Na Romênia, mulheres feias. Os próprios romenos não pensam assim, talvez devido ao patriotismo. Mas a falta de vontade de cuidar de si mesma impede que as mulheres locais tenham boa aparência. Entre os 13 países do sudeste da Europa, a Romênia ficou em penúltimo lugar em gastos pessoais em cosméticos e produtos para cuidados pessoais. As mulheres locais alocam apenas 32 euros por ano para essas necessidades. É possível parecer bonito aos olhos dos recém-chegados gastando menos de € 3 por mês em cosméticos?

A Romênia já foi o celeiro da Europa. Este mito surgiu devido à situação que surgiu em 1938. Então, devido ao mau tempo, surgiu uma crise global de alimentos; não havia trigo suficiente na Europa. A Romênia exportou três milhões de toneladas de grãos a um custo muito alto. Mas o país desistiu de quase todo o seu trigo, estando ele próprio em crise.
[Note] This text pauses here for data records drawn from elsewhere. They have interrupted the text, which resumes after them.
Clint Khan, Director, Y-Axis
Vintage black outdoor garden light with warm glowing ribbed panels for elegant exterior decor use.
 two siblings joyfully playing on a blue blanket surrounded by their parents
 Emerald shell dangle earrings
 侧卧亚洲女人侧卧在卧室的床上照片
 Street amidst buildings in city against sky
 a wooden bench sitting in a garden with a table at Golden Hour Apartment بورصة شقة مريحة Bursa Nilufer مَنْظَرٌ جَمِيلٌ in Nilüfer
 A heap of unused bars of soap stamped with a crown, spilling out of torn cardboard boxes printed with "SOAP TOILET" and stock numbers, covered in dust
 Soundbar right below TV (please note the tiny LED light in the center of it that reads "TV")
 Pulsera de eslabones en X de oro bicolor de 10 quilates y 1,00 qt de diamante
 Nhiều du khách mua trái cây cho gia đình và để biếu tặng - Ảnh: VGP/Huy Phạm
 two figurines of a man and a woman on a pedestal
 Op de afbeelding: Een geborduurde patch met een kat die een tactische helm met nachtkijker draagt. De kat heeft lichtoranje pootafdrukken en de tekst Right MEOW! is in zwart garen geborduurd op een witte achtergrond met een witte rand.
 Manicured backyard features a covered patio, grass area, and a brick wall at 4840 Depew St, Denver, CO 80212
Na Romênia, 700 kg de grãos foram colhidos por hectare, enquanto na vizinha Bulgária - 1440. É que as autoridades de lá se mostraram racionais e optaram por não ganhar dinheiro com a fome de seu próprio povo.

Todos na Romênia sabem russo. Os habitantes locais não entendem russo, mas será possível se comunicar em inglês nos hotéis. Nos restaurantes locais, os estrangeiros podem se comunicar usando gestos.


Assista o vídeo: Por que os romenos desistem da Romênia? (Pode 2021).